Unlike early Napalm Death’s death obsession, which crossed lineups, this time around the culprit is largely one person: Barney Greenway.
Don’t get me wrong, mofo knows his way around a mic and I can’t imagine another frontman who commands a stage like Barney (Mark to his ‘rents). But he’s penned the majority of the band’s lazily-titled songs.
The unbroken streak began right out of the Earache gate on 2000’s Enemy of the Music Business with “Necessary Evil.” I don’t know if it’s necessary but the evil oozing from that song was repeating that phrase continuously.
And that’s the problem underlying the cliché thing. Not only do they trot out one worn out phrase after another, but they feel the need to pound that sentiment home by endlessly repeating said catch phrase through the song. When a line wears out its welcome in the course of a two minute song, we’ve got a problem. Where a lyricist of Jello Biafra-ian status could turn a cliché on its head with a dose of irony, Greenway just gives it to us verbatim.
And the punishment in capitals did not let up on 2002’s follow up Order of the Leach, which gave us the “Out of Sight, Out of Mind” and “Lowest Common Denominator” twofer.
Sadly the annoyance trailed after the Brummie bangers as they migrated to metal major Century Media, handing us the repetitive “Silence is Deafening” and “When All is Said and Done” (one Mr. Shane Embury can take a bow for the latter, though).
But it’s not like we it should be surprised. Napalm telegraphed this particular Napalmism on 1994’s somewhat underrated Fear, Emptiness, Despair, album that is “More Than Meets the Eye.”
So with the word out Napalm are readying their 13th studio album, I ask you, what should their next ditty be called?

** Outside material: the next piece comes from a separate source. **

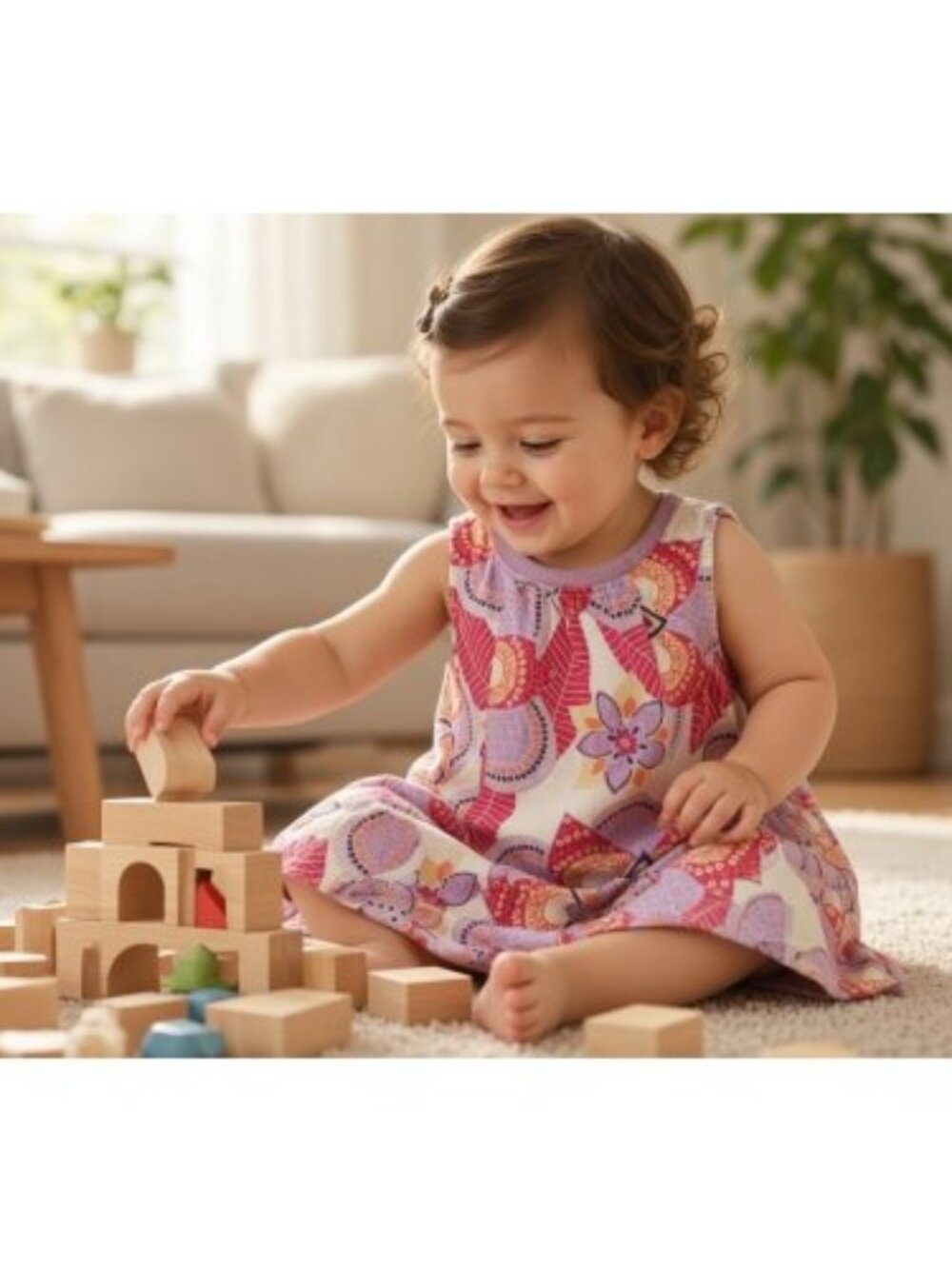 TEA COLLECTION Pink Purple Floral Print Sleeveless Dress Girls 18-24 months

A. “A Penny Saved is a Penny Earned”
B. “A Bird in the Hand”
C. “An Apple a Day Keeps the Doctor Away”
D. “All Work and No Play Makes Jack a Dull Boy”

Feel free to leave your own suggestions in the comments.


Zmaj said...

Nice! I'm not witty enough to come up with a good one though.

Anonymous said...

via google stats:

"napalm death" + cliche : 30,000 hits
"napalm death" + metaphor: 5,280 hits
"napalm death" + simile: 3,170 hits
"napalm death" + analogy: 2,140 hits

"the proof is in the pudding" :)

Andrew Childers said...

ha. didn't think of hitting google stats. thanks for crunching the numbers on that one for me. take a few more tired cliches outta petty cash for your trouble.